Central to the novel as well as to the man himself was his dramatic falling in love, at the age of twenty two with a twelve year old girl, Sophie von Kühn. Von Hardenberg, was already then a brilliant student of many subjects ranging from mathematics to biology, from literature and philosophy. Sophie, on the other hand, was a precocious child, “of ordinary looks”, without interest or promise in any of these fields. The unlikely match between the two, in terms of age difference, personalities and social status is expertly described by Fitzgerald and the different modes of the young man’s romantic obsession evoked. Livening the intimate and detailed, yet detached observations of the omniscient narrator with frequent lively dialog between the young hero and different close family members and other associates on all sides connected to either of the young lovers, the author also conveys a realistic sense their wider social circles. The author’s skill in conveying daily routines like the once in four months occurring “washday” is admirable. Her wonderful sense of humour is sprinkled throughout such descriptions.
Based on extensive research into von Hardenberg and his close family, using his writing, pertinent correspondence and diaries, official and private documents, Fitzgerald has not only realistically recreated his young adult years against a difficult family background, but also supplied us with glimpses into a politically and intellectually fascinating period of German (Prussian) history. At cultural centres such as Jena, young von Hardenberg encountered no lesser than Goethe, Schiller, Schlegel and other literary and philosophical greats of the time.

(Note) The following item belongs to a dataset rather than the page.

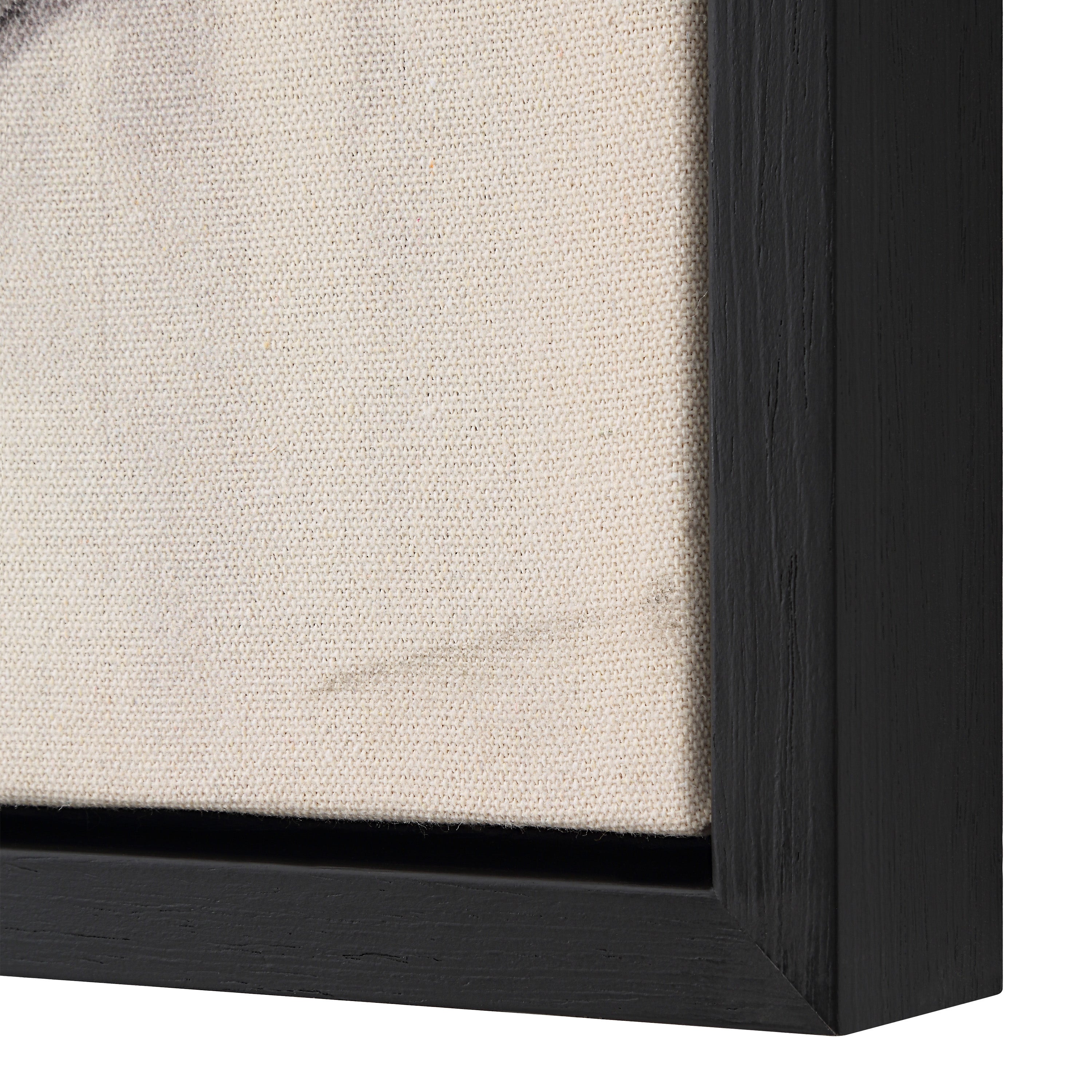 Asia 24" Wide Canvas Art with Wood Frame, Painted Black - Additional Image 5 - OL2146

Fitzgerald makes THE BLUE FLOWER and interesting and intriguing book to read, in particular for readers with familiarity of the wider contexts, both in terms of philosophy and social politics or willing to explore these themes further. As a stand alone novel, without the reader’s knowledge of the time, it is not totally successful in my opinion. To derive full satisfaction the many insinuations and oblique references would have to be either better developed into the background, or the novel completely built as fiction without any intention to veracity and authenticity.